Cesar Victora gave a very interesting talk earlier today concerning the International Epidemiology Association’s position paper on the UN’s Sustainable Development Goals, which are currently being drafted (to replace the Millennium Development Goals post-2015). Victora is President of the IEA, for a few more hours at least (the new President takes office this evening). Many of his points were reiterated by the next speaker, Theodor Abelin, and in questions from the floor. There were no audible voices of dissent. (The talk reflects a fuller position paper, available here.)
The point that stayed with me most from Victora’s rich talk was the importance of relating goals to appropriate measurement techniques. My own interest in epidemiology has tended to focus on efforts to identify causes (“analytic” epidemiology), since causation is a natural magnet for philosophical interest. But measurement is also a focus of philosophical interest, and Victora nicely pointed out that “descriptive” epidemiology – the business of measuring things like maternal mortality rate, for example – is extremely important if these Sustainable Development Goals are to be effective. A country cannot be held to a goal that cannot be measured, and it cannot be fairly be held to a goal when progress towards that goal is estimated rather than measured.
For example, I was not surprised to learn that in many countries where maternal mortality is high, data on maternal mortality rates (MMRs) are scarce. What did surprise me was hearing about the calculations that some august international organisations perform in the absence of data. A calculation is performed involving GDP per capita, general fertility rate and skilled birth attendance. MMR is estimated as a function of these and perhaps some other similar variables. This means that if the country goes through a recession, the estimated MMR will automatically go up. – Perhaps is really will go up, but it seems strange to think of that calculation as a measurement, at least in the absence of extremely good evidence for the reliability of the estimating equation – evidence which, of course, we don’t have.
MMR is measurable, of course. The problem with MMR is simply a lack of data, and this problem afflicts a large class of conditions. As Victora put it in relation to snakebite: “Where we have snakes, we don’t have statistics, and where we have statistics, we don’t have snakes.”
However, Victora’s most penetrating critique of the SDGs concerned the setting of goals in the absence of clear ideas about how progress towards the goals will be measured. The health-related goal is as follows:
“Goal 3. Ensure healthy lives and promote well-being for all at all ages” (from the Outcome Document)

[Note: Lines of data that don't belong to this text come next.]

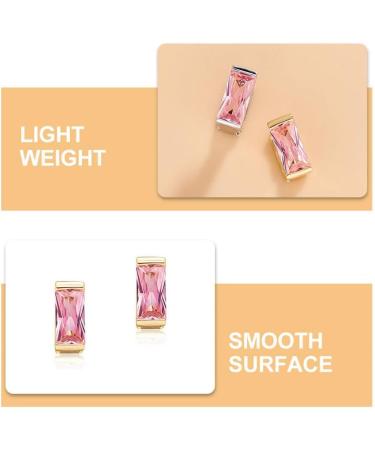 Holibanna 2PCS Diamond Grills for Teeth Hip Hop Tooth Caps Decorative Teeth Jewelriesfor Men Women - Buy Online on GoSupps.com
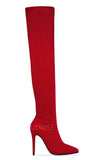 Over-Knee Boots High Heel Side Zipper Female Boots Wish Female Boots HZ0115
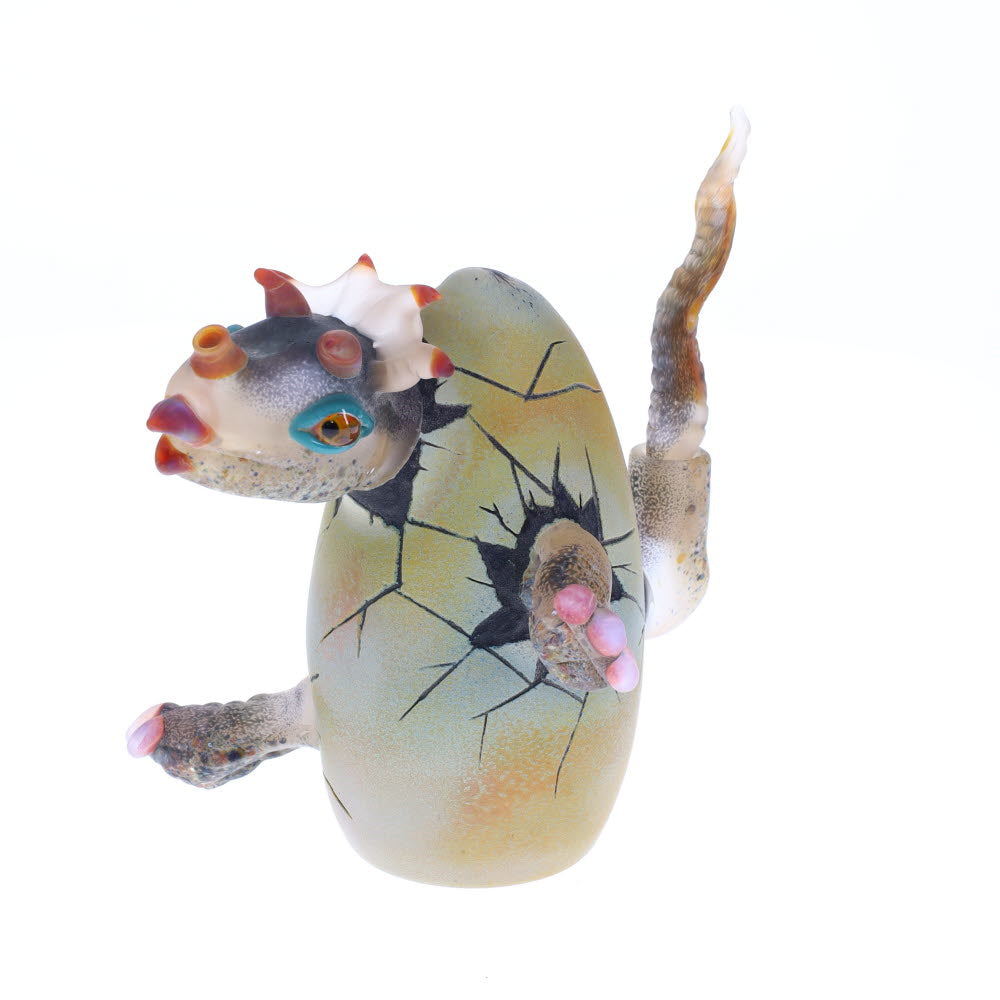 Kid Dino Glass Girl Hatchling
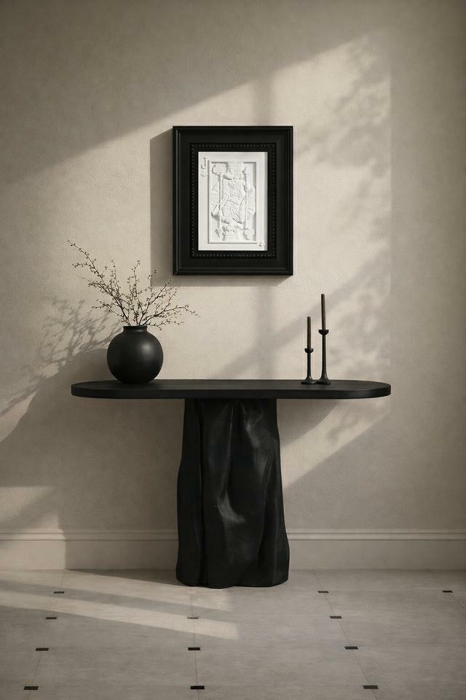 Tablou Decorativ Jack 22x3x26 cm, Plastic Alb - SHP [5]
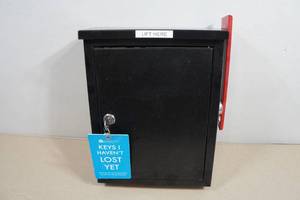 Metal Locking Wall Safe Mailbox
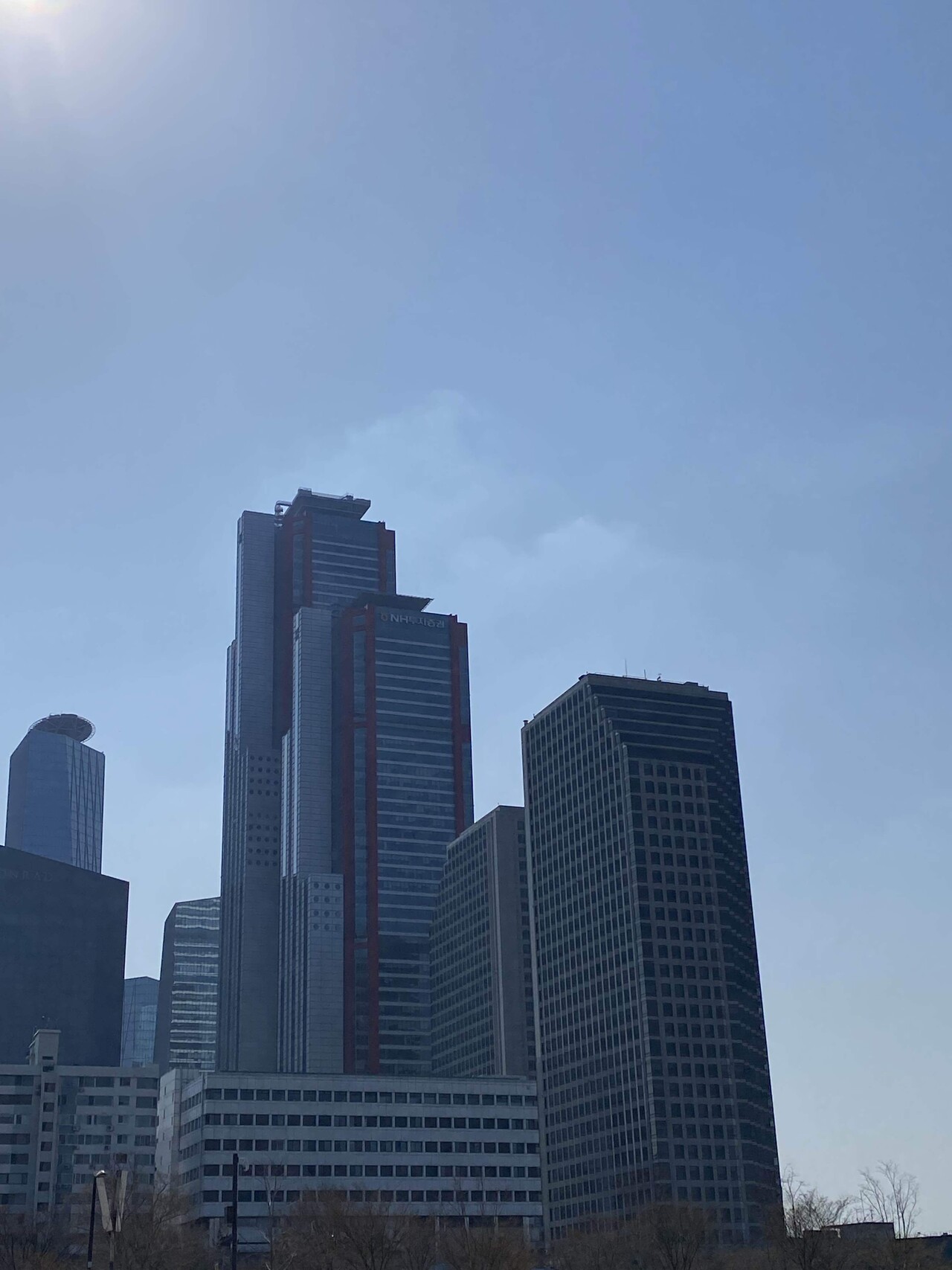 블라인드 | 블라블라: 파크원 nh투자증권 로고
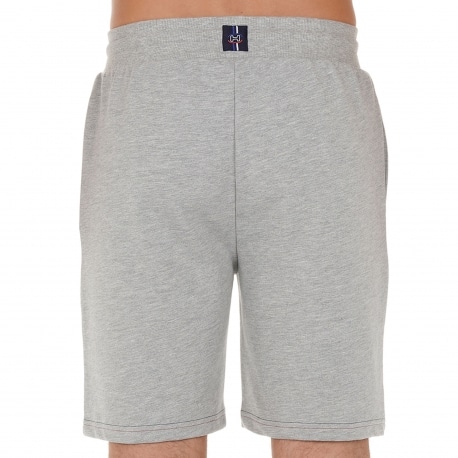 SKU Cotton Sport Shorts - Heather Grey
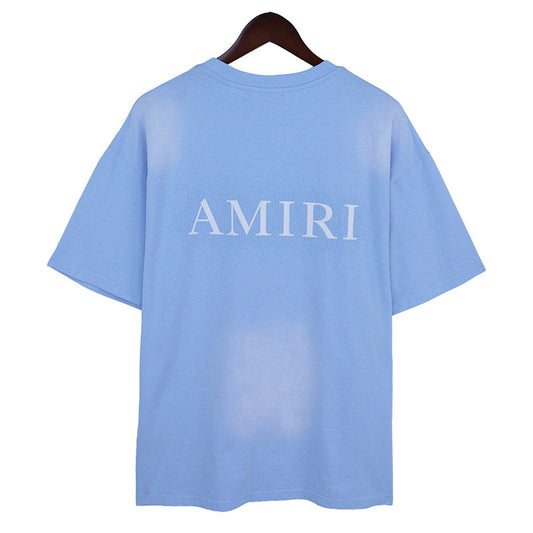 AMRI Khaki Core Logo T-Shirts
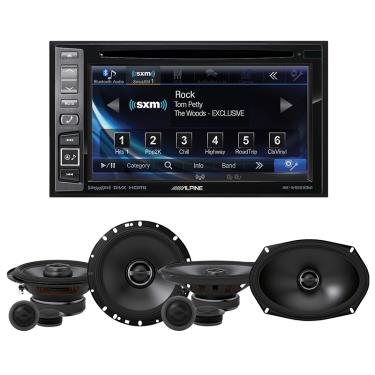 Alpine INE-W960HDMI-Bundle109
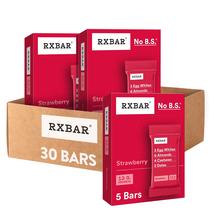 Barras de Proteína RXBAR Morango 5 unidades Pacote com 6 Barras de Proteína RXBAR Morango 5 unidades Pacote com 6
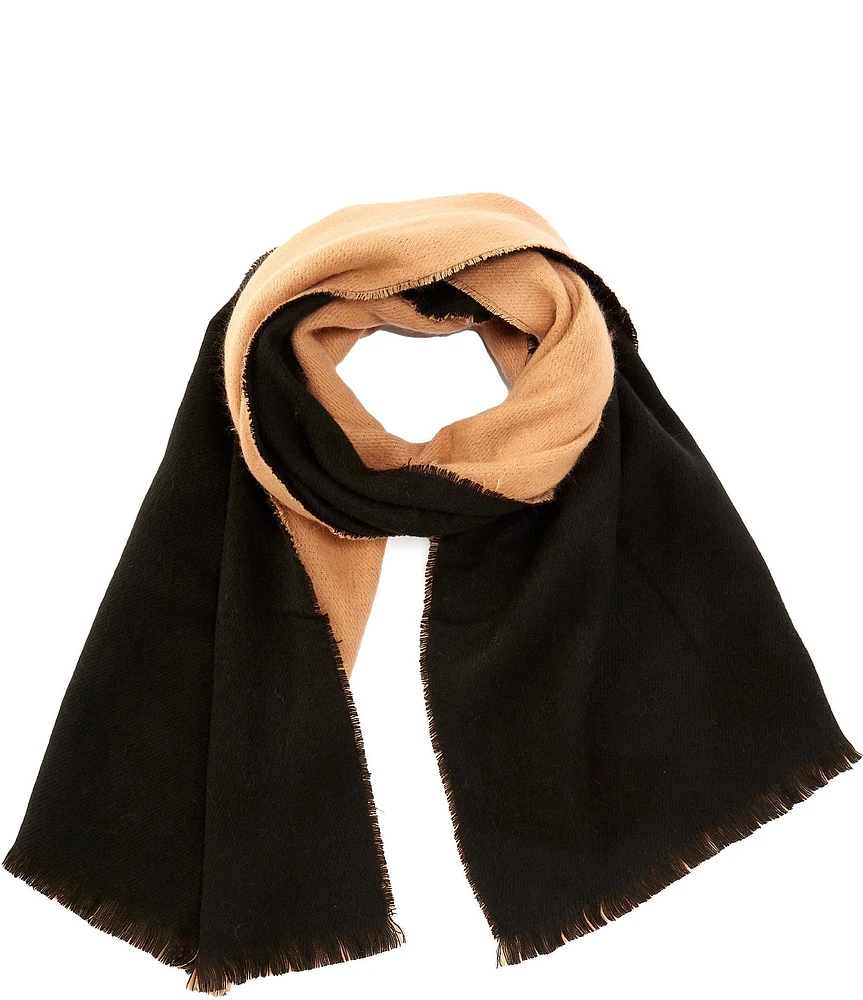 Anna & Ava Two Tone Knit Scarf Wrap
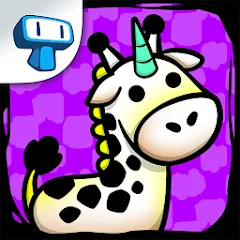 Скачать взлом Giraffe Evolution: Idle Game (Жираф Эволюция) [МОД Unlocked] на Андроид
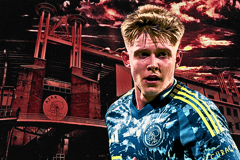 Kristian Hlynsson, Ajax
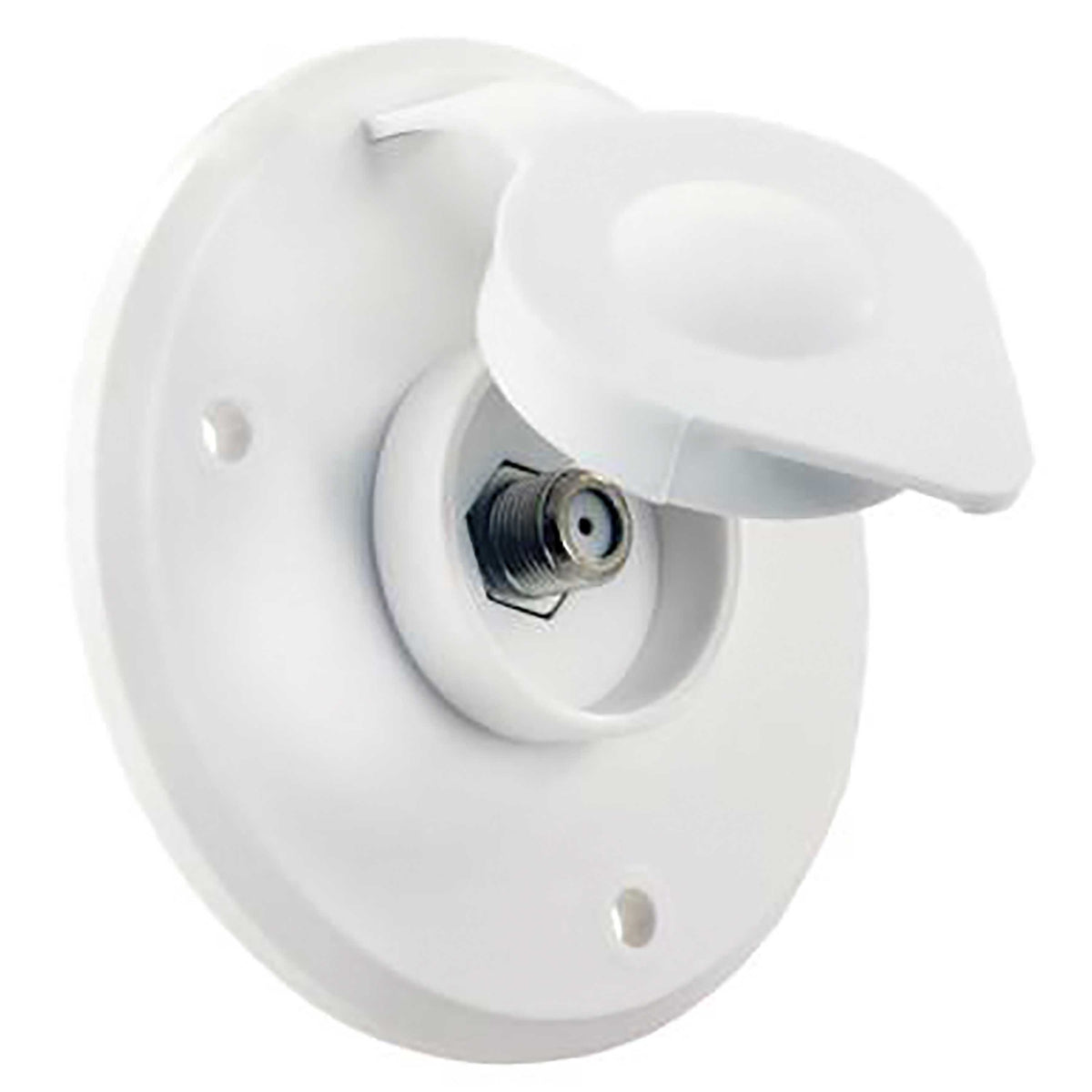 Thetford Qualifies for Free Shipping Thetford Cable TV Plate Polar White #94320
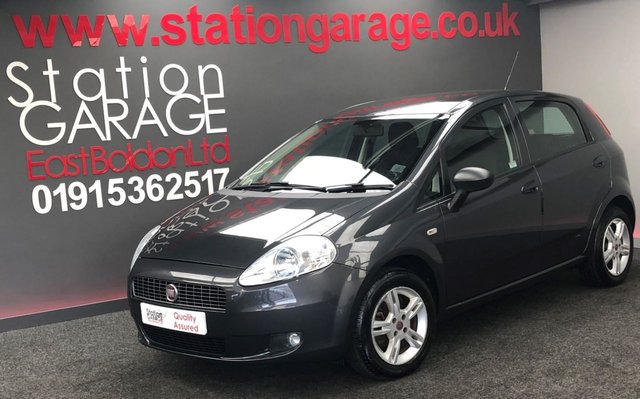 2008 08 Fiat Grande Punto 1.2 ACTIVE 8V 5d 65 BHP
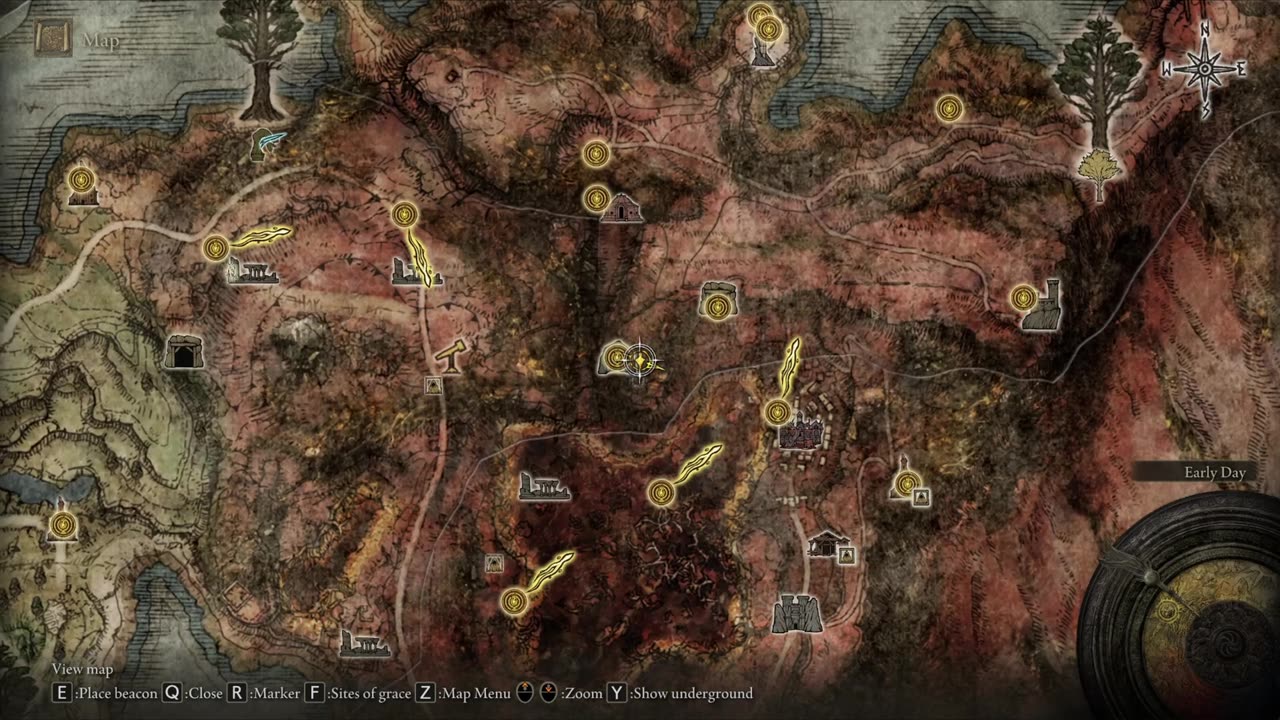 Elden Ring PC | Serpent Bow location from Abandoned Cave site of grace #eldenring #shorts #gaming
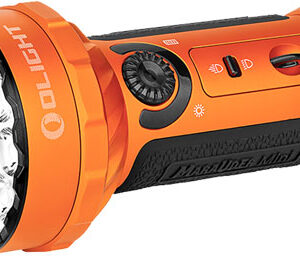 OLIGHT MARAUDER MINI 7000 - LUMEN FLASHLIGHT ORANGE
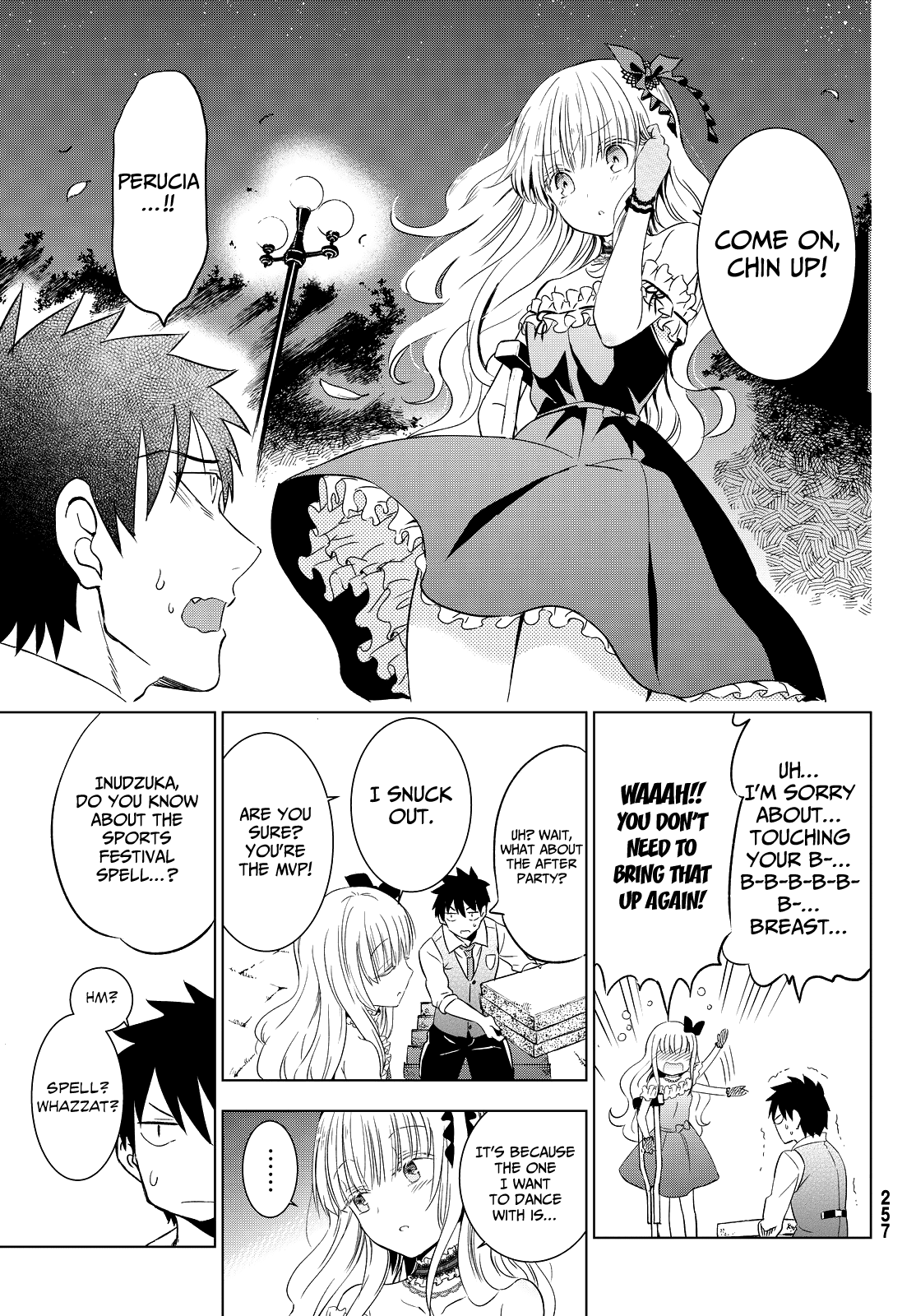 Kishuku Gakkou no Juliet Chapter 11 page 39 - Chapter 11 : Romeo and Juliet and Sports festival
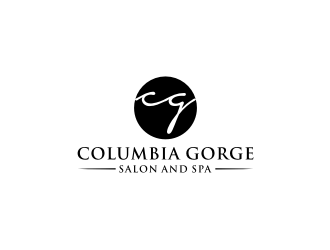 Columbia Gorge Salon and Spa logo design by johana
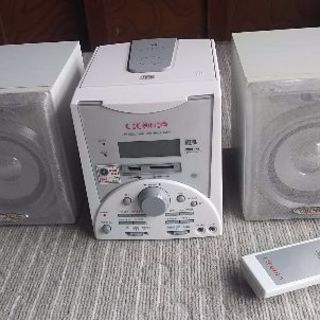 CDコンポ(CSD−900WH)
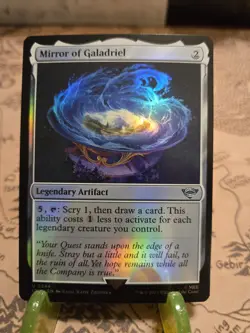 MTG Mirror of Galadriel Universes Beyond: The Lord of the Rings Foil Uncommon NM - Image 1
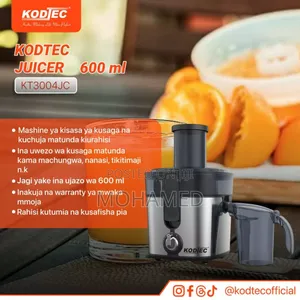Kodtec Juicer 600ml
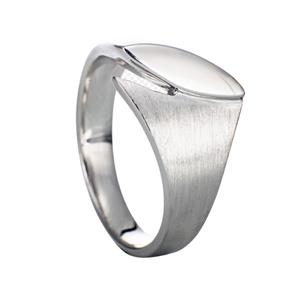 Gedenkartikelen Design ring in zilver met gesloten askamer
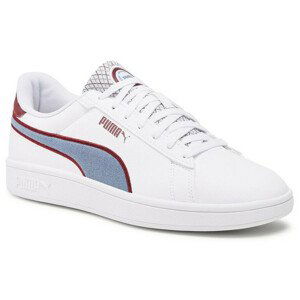 Boty Puma Puma Smash 3.0 Retro Prep Velikost bot (EU): 44 / Barva: bílá/modrá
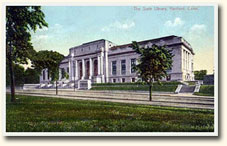 Postcard of Supreme Court, postmarked 1915
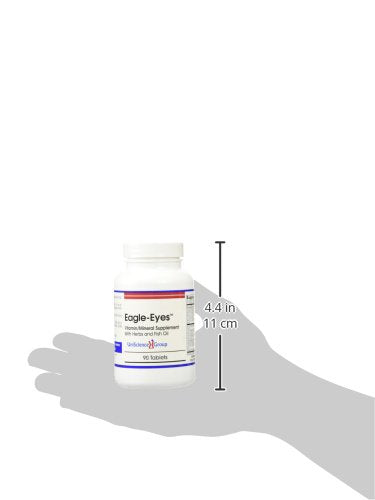 Delucky Eagle-Eyes tablets pack shows lutein and zeaxanthin for sharper daytime vision.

This overarching goal is broken down into 13 subgoals, some of which are very loosely specified. For instance, how are we to tell whether a country has managed to “strengthen prevention and treatment of substance abuse, including narcotic drug abuse and harmful use of alcohol”? Ironically, those goals that are most clearly specified are wildly unattainable, such as halving global deaths and injuries from road traffic accidents by 2020. Those that are not well specified present measurement challenges for epidemiologists.
This made me wonder whether a body like the IEA could itself set some “goals for the goal-setters” – that is, criteria which any health-related goal must meet if, in the professional opinion of the IEA, they are to be useful. The simplest such criterion would be that outcomes must be specified in terms of a recognised epidemiological measure (mortality, for instance). Another might be to accompany each goal with information (perhaps in a corresponding entry in an appendix) concerning the trend over the past similar period: so if the goal is the halve road traffic deaths in 15 years, or 25, information on the growth of road traffic deaths over the past 15 or 25 years might be included. Goals of this kind will always be political, but there might be agreement on a set of simple rules for setting such goals, and if such rules existed, this might pull epidemiologists closer in to the goal-setting process – a kind of politicking which, as one of the questioners pointed out, is not part of standard epidemiological training.